Francesca invece, che proviene da una famiglia benestante, la mattina va a
lezione, il pomeriggio studia, poi fa un po’ di shopping e la sera esce con gli
amici.
Queste sono le differenze che ci sono e sempre ci sono state. Ma la
democrazia non era stata concepita affinché il popolo decidesse sovrano del
proprio destino? Affinché tutti avessero la possibilità di studiare? Affinché
tutti potessero avere la possibilità di ammalarsi con una sanità giusta?

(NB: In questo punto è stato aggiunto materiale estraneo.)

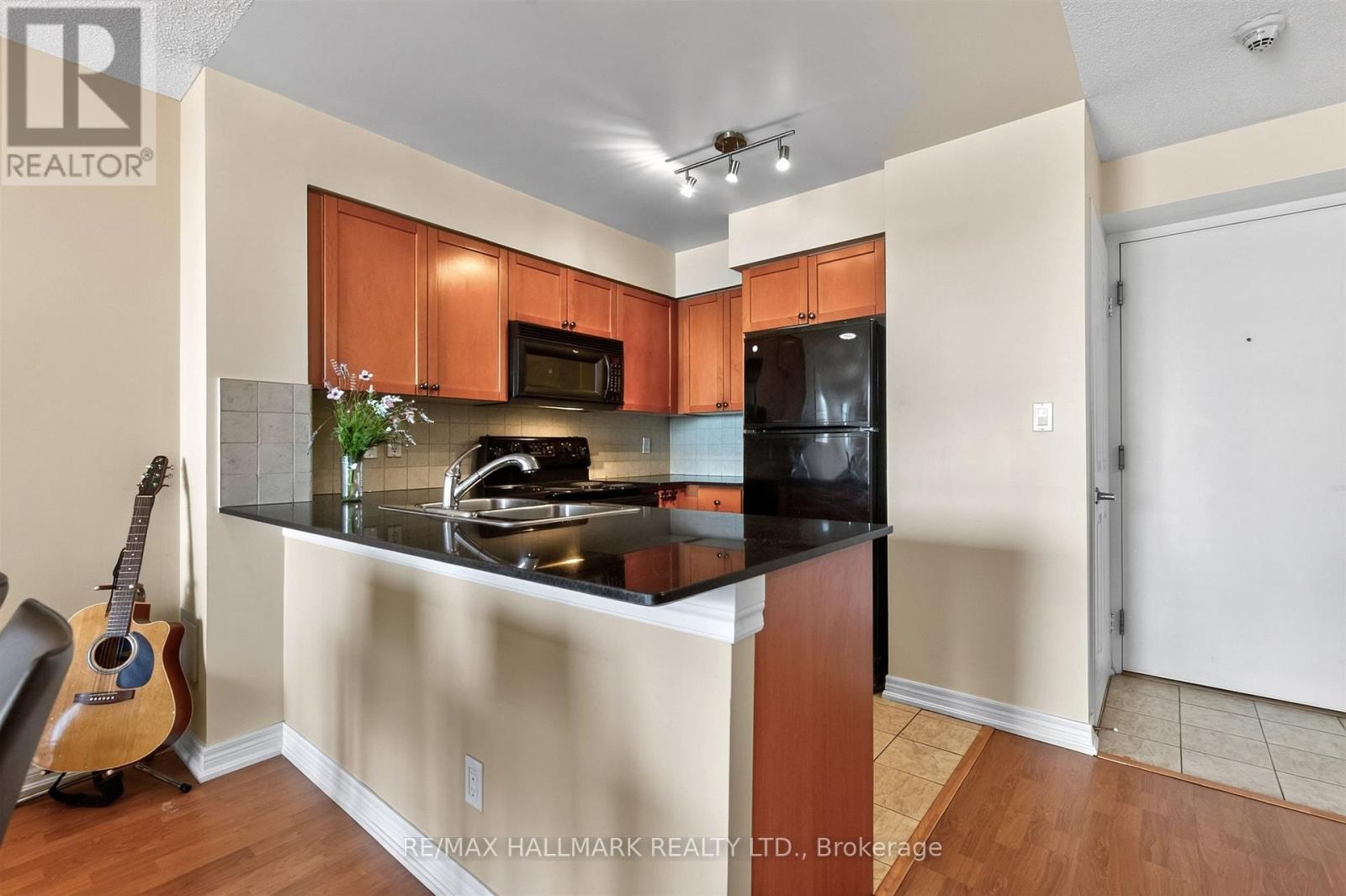 806 - 1369 BLOOR STREET W, Toronto (Dufferin Grove) — photo 9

Oggi in Italia l’Università è declassata, è un optional, una specie di svago. Spesso
non dà possibilità concrete formative ed è qui che dovrebbero intervenire
affinché fosse davvero un supporto per un futuro lavorativo specialmente nel
campo umanistico, ma alla fine, è andata a finire che all’Università ci vanno
solo quelli che se lo possono permettere, specialmente nelle Università del
Nord Italia dove le tasse sono altissime e non si capisce perché.
Giorni caldi questi, di manifestazioni, come quella a Roma. Se n’è parlato e se ne parla
ancora. Sono tutti contro la violenza, “ ci vogliono altri mezzi”. E siamo d’
accordo. Ma chi è contro la violenza? Ad alcuni piace forse, sì, è possibile.
Ad alcuni piace forse la guerriglia. Ma siamo sicuri che la violenza come
concetto sia solo quella manifestata? Intendo, quella che si vede, che si
tocca, che si subisce, quella di cui abbiamo visto i fumi delle mercedes
bruciate e delle banche sfondate.
Non potrebbe essere violenza un’azione non
manifesta? Una signora che entra da Vuitton e spende diecimila euro in una
mattina, contro una ragazza che fa la cameriera la notte per pagarsi gli studi
e non riesce a finirli è una violenza? Questa classe di borghesi o meglio
‘ricchi’ perché ormai è così che è andata a finire data la evidente e semplice
situazione spaccata in due, non fa violenza verso chi non riesce a farcela ogni
mese? Non è questa violenza senza rumore, violenza senza fumo? La presa della
Bastiglia non poteva essere che violenta e la violenza non ci piace, ma prima
di questa rabbia manifesta del popolo, quante morti per fame, morti silenziose
e zitte?
La violenza ha tante forme, non per forza deve fare rumore come una
bomba. La violenza può avere il silenzio di un lavorìo sociale che sta pesando
su giovani che non riescono a costruirsi niente. La violenza può non avvenire
in un attimo, ma può essere un andazzo che dura da anni, una ‘violenza fredda’,
ma sempre di violenza si tratta. Si deve iniziare a mettere in moto il
cervello, a guardare con gli occhi della ragione e dell’autocoscienza, questa
esiste di certo nel nostro cervello, ma dobbiamo metterla in moto.